Tailoring gets a denim upgrade
Leading the charge? Louis Vuitton, whose denim suiting was a standout. Imagine a sharp, double-breasted blazer cut from indigo denim, tailored at the waist for a clean hourglass silhouette, paired with slim-fit flares that whisper ’70s retro. Throw in elevated finishes—a refined button, a subtle sheen—and you’ve got denim that’s more cocktail hour than cattle ranch.


Prada followed suit—or rather, deconstructed it. Their denim coat, weathered and vintage-washed, featured a dramatic collar and was layered over a formal blazer, with a crimson floral brooch pinned to the chest. The mix of rough and refined created something that felt unexpectedly noble.

And then there’s MM6 Maison Margiela, never ones to play it safe. Their blurred-wash denim suits looked like they’d been soaked in dreams—ethereal, tonal, slightly chaotic. Streetwear silhouettes, haute couture intent.

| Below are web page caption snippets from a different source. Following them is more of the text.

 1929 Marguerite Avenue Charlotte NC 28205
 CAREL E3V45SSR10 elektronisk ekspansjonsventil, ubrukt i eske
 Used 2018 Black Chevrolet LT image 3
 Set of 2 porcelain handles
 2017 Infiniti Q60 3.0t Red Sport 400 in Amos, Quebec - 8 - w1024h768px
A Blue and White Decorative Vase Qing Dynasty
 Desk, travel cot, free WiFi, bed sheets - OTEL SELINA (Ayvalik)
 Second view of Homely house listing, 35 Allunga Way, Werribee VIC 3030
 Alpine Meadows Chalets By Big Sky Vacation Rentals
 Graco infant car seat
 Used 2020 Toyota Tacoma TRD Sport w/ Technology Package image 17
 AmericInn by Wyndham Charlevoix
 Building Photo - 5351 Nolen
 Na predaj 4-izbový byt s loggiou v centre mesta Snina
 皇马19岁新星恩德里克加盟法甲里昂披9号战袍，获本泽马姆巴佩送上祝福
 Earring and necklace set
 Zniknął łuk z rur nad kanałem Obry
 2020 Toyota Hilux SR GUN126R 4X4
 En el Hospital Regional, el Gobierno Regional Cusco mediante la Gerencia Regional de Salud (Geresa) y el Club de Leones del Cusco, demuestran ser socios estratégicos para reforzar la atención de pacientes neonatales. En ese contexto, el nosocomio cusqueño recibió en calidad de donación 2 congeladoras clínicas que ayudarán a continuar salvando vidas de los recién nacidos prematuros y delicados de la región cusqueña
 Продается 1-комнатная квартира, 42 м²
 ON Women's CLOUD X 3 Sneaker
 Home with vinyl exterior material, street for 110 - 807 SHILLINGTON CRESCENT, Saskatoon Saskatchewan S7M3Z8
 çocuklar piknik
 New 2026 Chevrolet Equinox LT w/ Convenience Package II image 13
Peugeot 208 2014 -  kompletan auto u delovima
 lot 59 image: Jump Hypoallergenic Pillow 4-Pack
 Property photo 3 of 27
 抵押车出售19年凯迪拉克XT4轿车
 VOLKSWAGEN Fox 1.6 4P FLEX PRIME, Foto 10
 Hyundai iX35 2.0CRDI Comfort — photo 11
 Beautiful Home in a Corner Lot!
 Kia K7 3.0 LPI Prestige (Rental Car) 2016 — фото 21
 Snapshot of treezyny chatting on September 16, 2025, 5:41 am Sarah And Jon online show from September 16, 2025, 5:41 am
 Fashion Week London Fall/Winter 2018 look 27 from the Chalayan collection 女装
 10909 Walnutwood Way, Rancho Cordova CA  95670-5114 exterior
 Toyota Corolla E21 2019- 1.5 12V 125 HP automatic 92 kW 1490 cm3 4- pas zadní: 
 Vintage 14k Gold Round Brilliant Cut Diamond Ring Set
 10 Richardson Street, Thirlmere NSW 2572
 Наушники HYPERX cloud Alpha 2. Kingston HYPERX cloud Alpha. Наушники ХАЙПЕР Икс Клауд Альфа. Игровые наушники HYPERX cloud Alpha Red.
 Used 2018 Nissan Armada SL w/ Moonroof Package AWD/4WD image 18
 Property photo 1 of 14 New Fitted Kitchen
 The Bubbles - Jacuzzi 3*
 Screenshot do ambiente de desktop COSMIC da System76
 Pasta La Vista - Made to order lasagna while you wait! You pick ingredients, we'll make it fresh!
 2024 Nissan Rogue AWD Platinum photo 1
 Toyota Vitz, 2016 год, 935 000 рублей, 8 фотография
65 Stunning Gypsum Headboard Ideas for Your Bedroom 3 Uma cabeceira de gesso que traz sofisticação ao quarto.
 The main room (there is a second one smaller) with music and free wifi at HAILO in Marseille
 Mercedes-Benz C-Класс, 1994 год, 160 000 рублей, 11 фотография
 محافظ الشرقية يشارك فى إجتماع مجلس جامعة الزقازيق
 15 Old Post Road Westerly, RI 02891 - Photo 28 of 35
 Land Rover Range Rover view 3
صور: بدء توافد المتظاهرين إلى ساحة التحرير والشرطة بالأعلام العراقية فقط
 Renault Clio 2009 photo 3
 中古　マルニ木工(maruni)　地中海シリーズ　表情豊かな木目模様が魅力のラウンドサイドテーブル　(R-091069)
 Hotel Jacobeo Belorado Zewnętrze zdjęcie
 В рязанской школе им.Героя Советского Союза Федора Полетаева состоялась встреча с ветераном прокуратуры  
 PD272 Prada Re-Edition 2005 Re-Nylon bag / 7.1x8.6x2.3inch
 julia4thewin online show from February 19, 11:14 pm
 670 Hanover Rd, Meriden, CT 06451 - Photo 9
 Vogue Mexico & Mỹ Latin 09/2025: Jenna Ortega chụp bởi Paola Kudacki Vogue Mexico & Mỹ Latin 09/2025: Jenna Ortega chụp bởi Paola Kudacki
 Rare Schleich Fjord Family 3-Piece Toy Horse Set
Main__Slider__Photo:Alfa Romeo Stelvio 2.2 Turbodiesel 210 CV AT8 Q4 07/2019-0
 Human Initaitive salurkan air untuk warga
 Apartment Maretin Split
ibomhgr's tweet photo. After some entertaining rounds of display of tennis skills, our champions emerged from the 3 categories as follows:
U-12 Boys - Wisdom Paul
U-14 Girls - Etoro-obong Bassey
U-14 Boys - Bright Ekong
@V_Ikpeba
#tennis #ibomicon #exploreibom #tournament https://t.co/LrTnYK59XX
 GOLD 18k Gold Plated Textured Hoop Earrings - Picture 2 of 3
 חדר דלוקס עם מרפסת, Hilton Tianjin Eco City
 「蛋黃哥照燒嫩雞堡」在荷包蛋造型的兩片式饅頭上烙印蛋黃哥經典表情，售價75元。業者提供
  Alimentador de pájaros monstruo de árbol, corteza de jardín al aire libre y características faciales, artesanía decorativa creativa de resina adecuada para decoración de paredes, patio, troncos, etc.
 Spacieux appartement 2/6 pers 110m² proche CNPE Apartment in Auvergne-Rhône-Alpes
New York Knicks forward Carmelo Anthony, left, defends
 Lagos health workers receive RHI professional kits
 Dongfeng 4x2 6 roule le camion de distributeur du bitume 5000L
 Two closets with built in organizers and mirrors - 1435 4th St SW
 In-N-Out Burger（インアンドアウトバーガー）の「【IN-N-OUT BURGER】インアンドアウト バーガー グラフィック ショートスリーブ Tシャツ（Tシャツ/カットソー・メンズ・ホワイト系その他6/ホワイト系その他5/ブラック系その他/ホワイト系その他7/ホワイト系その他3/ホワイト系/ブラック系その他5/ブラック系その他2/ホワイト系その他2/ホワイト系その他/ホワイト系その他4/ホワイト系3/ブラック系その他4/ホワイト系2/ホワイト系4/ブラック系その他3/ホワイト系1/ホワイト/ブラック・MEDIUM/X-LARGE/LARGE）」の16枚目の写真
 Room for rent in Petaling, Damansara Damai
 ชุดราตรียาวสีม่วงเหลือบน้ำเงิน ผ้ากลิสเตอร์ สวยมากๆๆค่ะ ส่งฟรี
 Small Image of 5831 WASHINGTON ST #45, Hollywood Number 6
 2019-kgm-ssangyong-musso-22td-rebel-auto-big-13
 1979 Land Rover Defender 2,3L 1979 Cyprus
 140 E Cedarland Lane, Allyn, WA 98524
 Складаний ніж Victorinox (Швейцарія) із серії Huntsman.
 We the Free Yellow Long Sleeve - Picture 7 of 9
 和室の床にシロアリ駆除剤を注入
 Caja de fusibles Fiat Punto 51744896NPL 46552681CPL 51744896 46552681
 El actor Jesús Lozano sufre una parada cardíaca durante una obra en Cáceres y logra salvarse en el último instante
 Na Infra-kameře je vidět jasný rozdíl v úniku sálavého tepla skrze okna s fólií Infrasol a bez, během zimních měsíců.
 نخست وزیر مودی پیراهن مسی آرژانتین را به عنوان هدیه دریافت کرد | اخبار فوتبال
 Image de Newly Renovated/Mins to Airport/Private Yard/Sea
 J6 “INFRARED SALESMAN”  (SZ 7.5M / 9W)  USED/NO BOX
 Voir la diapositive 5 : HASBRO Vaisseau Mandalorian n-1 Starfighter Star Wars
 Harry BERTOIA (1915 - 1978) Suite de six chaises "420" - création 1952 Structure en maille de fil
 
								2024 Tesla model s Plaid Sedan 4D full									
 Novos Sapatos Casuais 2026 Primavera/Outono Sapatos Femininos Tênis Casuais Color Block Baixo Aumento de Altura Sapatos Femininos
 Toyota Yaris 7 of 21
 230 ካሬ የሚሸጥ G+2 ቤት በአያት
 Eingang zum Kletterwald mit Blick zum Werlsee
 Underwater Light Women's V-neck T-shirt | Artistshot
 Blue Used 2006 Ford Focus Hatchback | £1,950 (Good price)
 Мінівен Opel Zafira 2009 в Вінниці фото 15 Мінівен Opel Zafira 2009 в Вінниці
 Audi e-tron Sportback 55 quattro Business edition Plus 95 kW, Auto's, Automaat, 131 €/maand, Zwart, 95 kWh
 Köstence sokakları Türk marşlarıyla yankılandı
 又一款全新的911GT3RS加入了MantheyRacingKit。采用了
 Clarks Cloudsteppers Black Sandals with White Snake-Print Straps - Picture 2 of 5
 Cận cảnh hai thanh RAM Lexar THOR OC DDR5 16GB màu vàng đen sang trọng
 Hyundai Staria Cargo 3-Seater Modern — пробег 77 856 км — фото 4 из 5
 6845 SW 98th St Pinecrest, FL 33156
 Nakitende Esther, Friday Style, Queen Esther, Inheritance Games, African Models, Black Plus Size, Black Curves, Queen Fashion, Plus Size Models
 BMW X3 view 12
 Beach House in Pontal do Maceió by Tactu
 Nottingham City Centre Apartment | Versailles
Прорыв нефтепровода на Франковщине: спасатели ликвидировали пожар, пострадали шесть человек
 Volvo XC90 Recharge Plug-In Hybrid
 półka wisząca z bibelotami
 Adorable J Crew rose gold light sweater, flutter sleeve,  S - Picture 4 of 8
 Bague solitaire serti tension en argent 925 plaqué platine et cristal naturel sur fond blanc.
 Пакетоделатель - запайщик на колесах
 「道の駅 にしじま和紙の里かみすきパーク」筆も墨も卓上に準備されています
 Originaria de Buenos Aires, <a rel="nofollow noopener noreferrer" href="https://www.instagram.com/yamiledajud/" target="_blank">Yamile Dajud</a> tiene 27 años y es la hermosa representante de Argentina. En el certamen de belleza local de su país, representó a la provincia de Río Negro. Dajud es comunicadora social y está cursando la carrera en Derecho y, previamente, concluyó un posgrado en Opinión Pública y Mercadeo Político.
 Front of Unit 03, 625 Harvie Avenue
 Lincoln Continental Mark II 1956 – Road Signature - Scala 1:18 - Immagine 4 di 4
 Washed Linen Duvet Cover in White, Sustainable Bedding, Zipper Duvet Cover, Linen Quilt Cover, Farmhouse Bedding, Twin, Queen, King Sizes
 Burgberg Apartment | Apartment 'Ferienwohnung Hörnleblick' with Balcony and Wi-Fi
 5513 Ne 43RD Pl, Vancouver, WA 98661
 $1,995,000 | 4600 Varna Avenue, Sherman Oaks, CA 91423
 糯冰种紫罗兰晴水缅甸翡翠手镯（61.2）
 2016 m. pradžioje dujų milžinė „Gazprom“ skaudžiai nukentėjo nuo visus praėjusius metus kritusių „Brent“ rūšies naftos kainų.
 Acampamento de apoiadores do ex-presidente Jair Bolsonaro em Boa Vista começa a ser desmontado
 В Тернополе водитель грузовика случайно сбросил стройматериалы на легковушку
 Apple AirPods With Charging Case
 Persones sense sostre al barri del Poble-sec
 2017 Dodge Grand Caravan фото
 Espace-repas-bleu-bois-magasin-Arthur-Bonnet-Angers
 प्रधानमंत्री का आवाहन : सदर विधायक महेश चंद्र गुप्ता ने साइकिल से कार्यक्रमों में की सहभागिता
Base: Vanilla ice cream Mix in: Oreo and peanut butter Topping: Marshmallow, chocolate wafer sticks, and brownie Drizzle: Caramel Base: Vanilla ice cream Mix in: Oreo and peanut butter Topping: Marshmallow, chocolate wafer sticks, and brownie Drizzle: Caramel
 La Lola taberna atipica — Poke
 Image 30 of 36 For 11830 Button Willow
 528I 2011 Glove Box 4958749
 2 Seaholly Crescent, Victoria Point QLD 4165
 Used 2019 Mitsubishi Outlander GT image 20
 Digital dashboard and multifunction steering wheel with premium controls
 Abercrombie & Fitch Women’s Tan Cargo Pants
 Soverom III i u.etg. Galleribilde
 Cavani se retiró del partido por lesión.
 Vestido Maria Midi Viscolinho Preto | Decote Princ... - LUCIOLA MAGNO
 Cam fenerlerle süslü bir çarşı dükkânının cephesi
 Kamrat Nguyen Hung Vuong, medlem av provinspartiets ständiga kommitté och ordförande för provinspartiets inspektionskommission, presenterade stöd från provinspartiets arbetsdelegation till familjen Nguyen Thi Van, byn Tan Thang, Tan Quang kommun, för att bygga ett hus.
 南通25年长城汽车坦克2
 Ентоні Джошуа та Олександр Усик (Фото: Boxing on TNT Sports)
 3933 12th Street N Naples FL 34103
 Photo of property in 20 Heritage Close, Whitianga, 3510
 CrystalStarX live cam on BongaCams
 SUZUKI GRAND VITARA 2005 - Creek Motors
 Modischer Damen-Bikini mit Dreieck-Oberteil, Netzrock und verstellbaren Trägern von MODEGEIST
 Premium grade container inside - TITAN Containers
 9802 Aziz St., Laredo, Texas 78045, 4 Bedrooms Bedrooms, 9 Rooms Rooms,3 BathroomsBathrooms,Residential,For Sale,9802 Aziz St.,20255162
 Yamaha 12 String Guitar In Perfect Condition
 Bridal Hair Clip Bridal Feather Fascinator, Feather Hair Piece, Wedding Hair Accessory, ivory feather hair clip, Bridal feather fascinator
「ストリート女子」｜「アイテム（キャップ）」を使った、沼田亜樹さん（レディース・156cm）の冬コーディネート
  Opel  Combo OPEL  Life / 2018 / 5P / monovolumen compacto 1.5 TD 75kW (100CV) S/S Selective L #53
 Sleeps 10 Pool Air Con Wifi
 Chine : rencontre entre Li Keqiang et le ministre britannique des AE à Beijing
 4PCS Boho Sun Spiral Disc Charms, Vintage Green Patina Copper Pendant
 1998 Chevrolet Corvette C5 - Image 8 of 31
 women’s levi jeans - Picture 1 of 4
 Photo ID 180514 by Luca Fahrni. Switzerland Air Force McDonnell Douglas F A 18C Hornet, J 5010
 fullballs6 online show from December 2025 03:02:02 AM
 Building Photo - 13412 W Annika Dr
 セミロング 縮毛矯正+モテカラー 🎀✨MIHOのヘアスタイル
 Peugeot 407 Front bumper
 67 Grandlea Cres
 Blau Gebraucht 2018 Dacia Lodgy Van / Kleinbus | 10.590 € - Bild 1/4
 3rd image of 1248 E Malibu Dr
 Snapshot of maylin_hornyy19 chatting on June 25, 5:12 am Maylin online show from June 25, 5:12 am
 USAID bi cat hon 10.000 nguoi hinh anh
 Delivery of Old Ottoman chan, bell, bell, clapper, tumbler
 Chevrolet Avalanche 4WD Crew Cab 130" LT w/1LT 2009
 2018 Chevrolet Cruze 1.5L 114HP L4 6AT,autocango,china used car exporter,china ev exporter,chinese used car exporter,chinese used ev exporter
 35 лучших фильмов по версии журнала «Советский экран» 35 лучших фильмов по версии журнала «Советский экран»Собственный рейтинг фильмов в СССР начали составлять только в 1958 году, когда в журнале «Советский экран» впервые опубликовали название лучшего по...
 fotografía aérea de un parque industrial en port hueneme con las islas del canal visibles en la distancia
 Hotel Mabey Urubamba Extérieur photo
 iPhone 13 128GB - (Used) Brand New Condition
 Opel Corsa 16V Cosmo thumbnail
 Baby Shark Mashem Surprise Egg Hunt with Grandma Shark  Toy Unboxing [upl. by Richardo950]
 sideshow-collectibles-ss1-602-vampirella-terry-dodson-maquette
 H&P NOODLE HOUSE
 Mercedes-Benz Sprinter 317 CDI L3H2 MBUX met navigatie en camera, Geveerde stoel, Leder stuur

Head-to-toe denim, reinvented
Romeo Hunte showed us how to do denim-on-denim without looking like a throwback meme. The trick? Skip the flashy distressing and focus on layering—same-fabric shirts, pants, and outerwear stacked to perfection. Pure cohesion, pure confidence.

At Kenzo, traditional Japanese aesthetics informed a kimono-style denim jacket, blending Eastern silhouettes with Western streetwear. Doublet turned up the attitude, styling stone-washed sets with jet-black gloves and bling-heavy rings.
Dolce & Gabbana went full opulence, fusing denim with fur trims for an urban-luxe effect. Because who said streetwear can’t flirt with decadence?




Denim as a Canvas
Louis Vuitton treated denim like a mural, spray-painted with abstract graffiti. KidSuper dipped entire looks in bold reds, patching and piecing fabrics together for a worn-in, post-apocalyptic vibe.



For those who crave structure with a twist, there were twisted seams, asymmetric hems, misaligned waistbands, and jewel-studded pants legs that added just the right amount of chaos.